What is required.
Among the entries below, which lines run from the line with "All-Over Print Women's" through the line with "Sterling Silver Foldover"? Retype those, both ends included, exactly and without pictures.

Supplied material.
+--

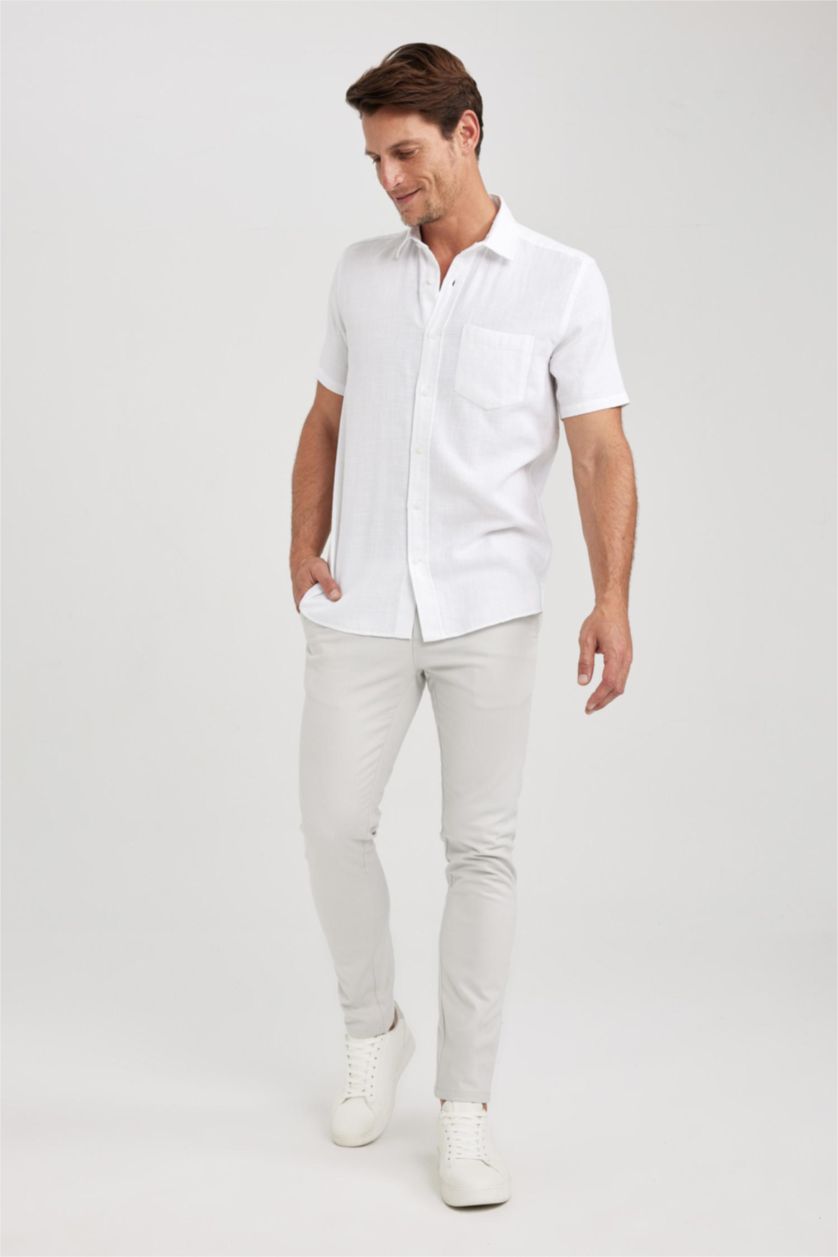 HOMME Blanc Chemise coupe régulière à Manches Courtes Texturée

+--

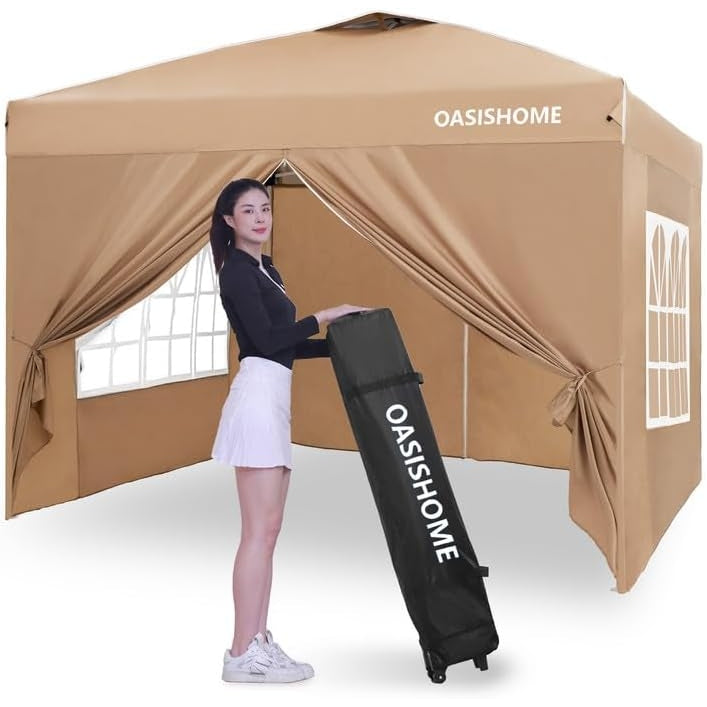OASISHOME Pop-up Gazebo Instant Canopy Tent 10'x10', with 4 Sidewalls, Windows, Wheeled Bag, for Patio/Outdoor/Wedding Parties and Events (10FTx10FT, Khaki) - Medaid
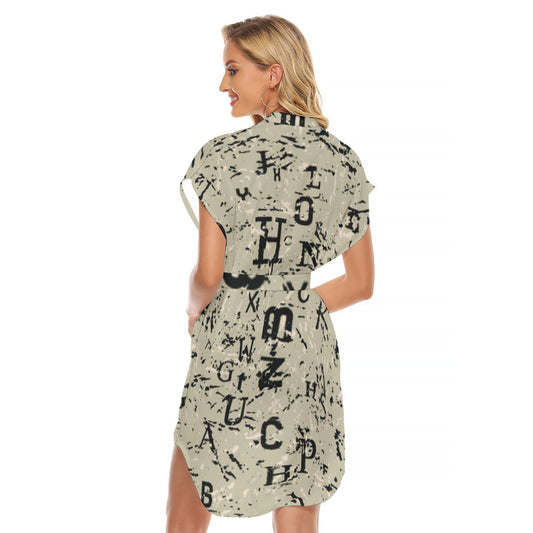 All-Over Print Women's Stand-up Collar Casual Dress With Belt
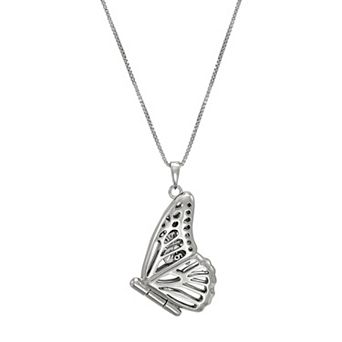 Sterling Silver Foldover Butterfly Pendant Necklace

+--

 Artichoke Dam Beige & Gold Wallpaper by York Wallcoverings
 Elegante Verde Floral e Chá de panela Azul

+--

Answer space.
 All-Over Print Women's Stand-up Collar Casual Dress With Belt
 Sterling Silver Foldover Butterfly Pendant Necklace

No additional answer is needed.